I stayed in Kyle of Lochalsh for two nights, so I had time for a day trip around the Isle of Skye. The weather started out fine, with blue skies and whispy cloud formations, but turned rather foggy later during the day. First stop on the way was in Portree, which is an idyllic little village. Too idyllic actually, if you've ever seen "The Prisoner". Although it has nothing to do with the series (which had location shooting in Wales), the shop used the same fonts on their signs and also had the same generic names. But I managed to leave anyway and continue to Dunvegan Castle, which has a seal colony nearby, so I also went on a short boat trip to see the seals. Further sightseeing got rather dull due to the weather, so I went back to Kyle of Lochalsh and had an early dinner.
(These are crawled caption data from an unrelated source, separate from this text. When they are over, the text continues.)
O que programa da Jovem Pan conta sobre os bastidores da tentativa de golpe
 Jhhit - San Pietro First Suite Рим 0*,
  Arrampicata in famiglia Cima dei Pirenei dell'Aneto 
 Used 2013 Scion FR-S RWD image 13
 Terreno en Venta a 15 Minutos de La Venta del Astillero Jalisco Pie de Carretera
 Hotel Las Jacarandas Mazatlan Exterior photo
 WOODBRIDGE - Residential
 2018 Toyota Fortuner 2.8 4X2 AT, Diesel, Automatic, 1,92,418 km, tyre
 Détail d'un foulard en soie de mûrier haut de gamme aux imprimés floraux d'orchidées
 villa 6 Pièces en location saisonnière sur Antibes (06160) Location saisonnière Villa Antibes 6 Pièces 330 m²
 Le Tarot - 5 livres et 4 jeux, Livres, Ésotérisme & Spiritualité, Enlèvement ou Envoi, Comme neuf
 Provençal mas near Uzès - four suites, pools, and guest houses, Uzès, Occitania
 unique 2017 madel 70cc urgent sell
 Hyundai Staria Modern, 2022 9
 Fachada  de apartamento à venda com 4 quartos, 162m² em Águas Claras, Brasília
The trip then continued mostly along the small costal roads around the northern end of Scotland, passing the Falls of Mesach on the way to Ullapool. I did a short boat tour to the Summer Isles (which are named with the same euphemistic spirit that came up with the name "Greenland"). Not much to see there, but the place seems to be (reasonably) well known among philatelists, since the place issues its own stamps. From there the trip continued along the coast, allowing visits to the Smoo Cave near Durness and Dunnet Head, the most northerly point of the British mainland. From there I headed back towards Inverness, with a stop at Dunrobin Castle
While the other castles I had seen in Scotland had looked like fortresses, Dunrobin Castle has more of a playful style and looks like it might be located somewhere in France or Bavaria (or Disneyland, come to think of it).
That more or less concluded my self-drive part of the vacation, so I drove back to Inverness, returned the car and flew to Edinburgh for a few more days of sightseeing. (And to which I returned five years later for the Year 2000 Hogmanay celebration.)